I'm finding that even when I am careful to dispose of the PictureBox's image, memory usage climbs rapidly (and in a weird pattern... see image below). My guess is that the event is being called more often than it can dispose of the bitmap, but I'm not sure.

Here is what I have inside the newframe event. I'm using Monitor.TryEnter per this answer, to avoid having events pile up waiting for the PictureBox to unlock. I had hoped that setting the timeout to 1 millisecond would effectively prevent any events from piling up.

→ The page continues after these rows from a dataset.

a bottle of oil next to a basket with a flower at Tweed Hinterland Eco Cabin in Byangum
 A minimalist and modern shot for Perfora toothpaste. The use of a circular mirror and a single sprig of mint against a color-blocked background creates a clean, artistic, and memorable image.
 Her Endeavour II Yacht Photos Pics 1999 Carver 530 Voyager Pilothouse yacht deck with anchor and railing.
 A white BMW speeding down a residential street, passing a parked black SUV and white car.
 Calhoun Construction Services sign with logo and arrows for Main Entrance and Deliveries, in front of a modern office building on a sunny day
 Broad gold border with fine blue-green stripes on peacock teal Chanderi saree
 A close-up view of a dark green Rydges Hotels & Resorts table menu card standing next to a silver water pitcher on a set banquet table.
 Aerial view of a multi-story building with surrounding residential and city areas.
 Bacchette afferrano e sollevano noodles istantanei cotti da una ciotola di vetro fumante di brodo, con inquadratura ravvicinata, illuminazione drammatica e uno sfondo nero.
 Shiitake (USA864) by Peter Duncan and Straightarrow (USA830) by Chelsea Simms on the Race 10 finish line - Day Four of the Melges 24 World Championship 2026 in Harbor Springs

private void Camera_NewFrame(object sender, NewFrameEventArgs e)
    {
        if (Monitor.TryEnter(_pictureBox, millisecondsTimeout: 1))
        {
            try
            {
                _pictureBox.Image?.Dispose();
                _pictureBox.Image = AForge.Imaging.Image.Clone(newImage);
            }
            finally
            {
                Monitor.Exit(_pictureBox);
            }
        }
    }

This is the memory usage pattern that results when I run the code.

enter image description here

  1. Video capture started
  2. Unknown event causes memory usage to increase
  3. Unknown event causes memory usage to stabilize
  4. Unknown event causes memory usage to increase

And that repeats. Note that if I change the TryEnter timeout to a higher value, the stable memory usage periods get shorter.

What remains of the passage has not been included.